[Exercise goal] The answer must be an exact copy of the lines from the one with "srecanje027.jpg" through the final line below, with no pictures and nothing else.

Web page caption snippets
=-=-=

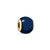 Stainless Steel Charm - Bering Jewelry Model: Glory-2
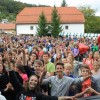 srecanje027.jpg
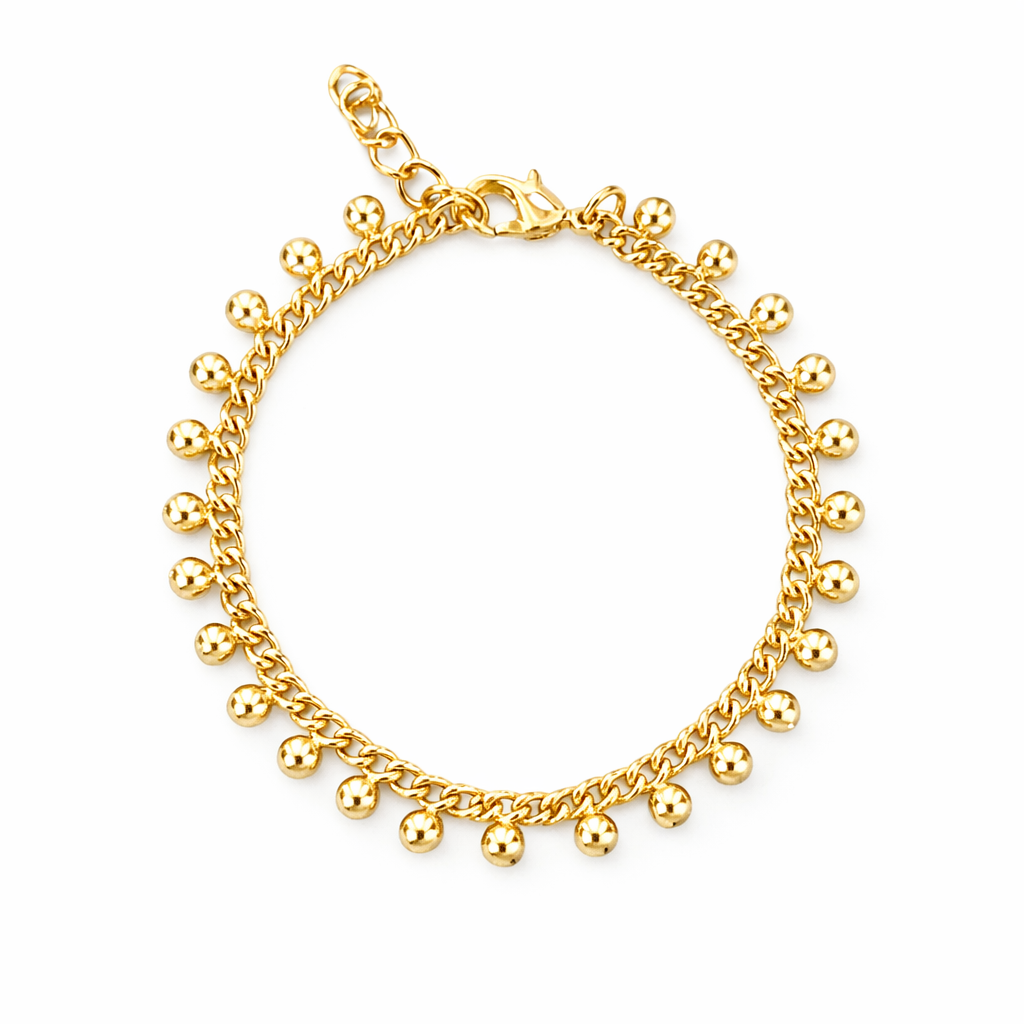 Royal Bracelet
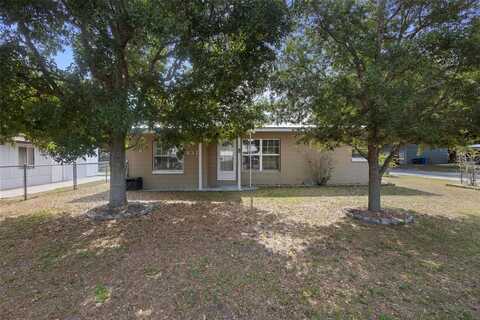 Alabama, SAINT CLOUD, FL 34769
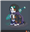 AgromNalaar's avatar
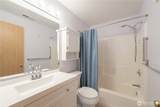 17501 Osprey Road - Photo 32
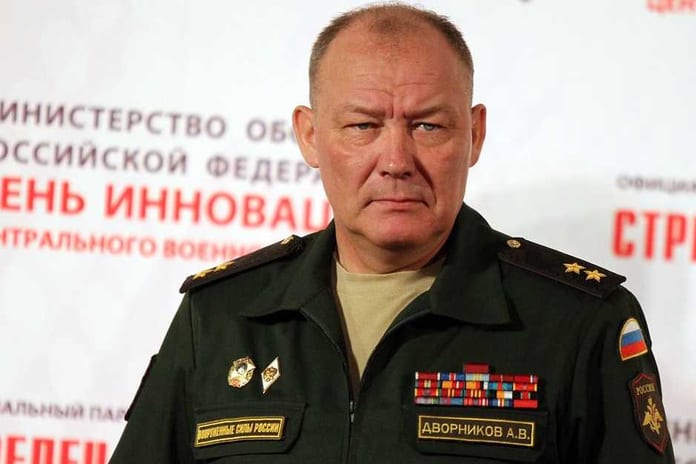 Colonel_General_Alexander_Dvornikov_939_626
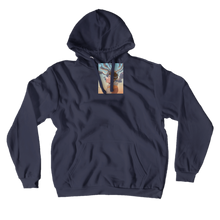 dicy_f Hoodies (No-Zip/Pullover)
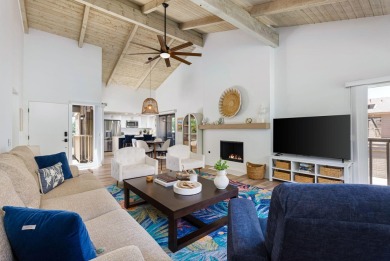 Beautiful, gated Mountain Cove is one of the secret hidden on Indian Wells Golf Resort and Country Club in California - for sale on GolfHomes.com, golf home, golf lot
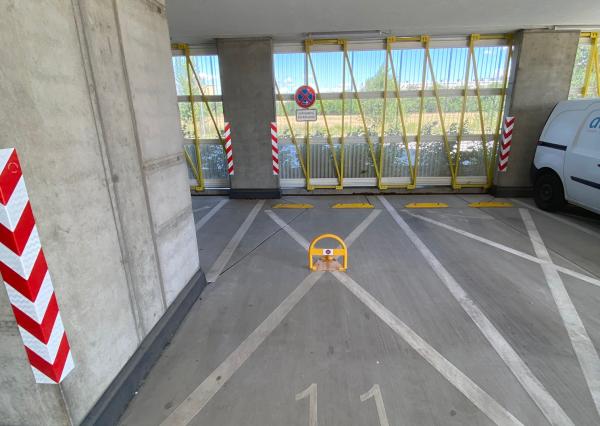 Predaj 2 izbový byt na Slnečniciach POP- Bratislava-Petržalka,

=-=-=

[Finished task]
 srecanje027.jpg
 Royal Bracelet
 Alabama, SAINT CLOUD, FL 34769
 AgromNalaar's avatar
 17501 Osprey Road - Photo 32
 Colonel_General_Alexander_Dvornikov_939_626
 dicy_f Hoodies (No-Zip/Pullover)
 Beautiful, gated Mountain Cove is one of the secret hidden on Indian Wells Golf Resort and Country Club in California - for sale on GolfHomes.com, golf home, golf lot
 Predaj 2 izbový byt na Slnečniciach POP- Bratislava-Petržalka,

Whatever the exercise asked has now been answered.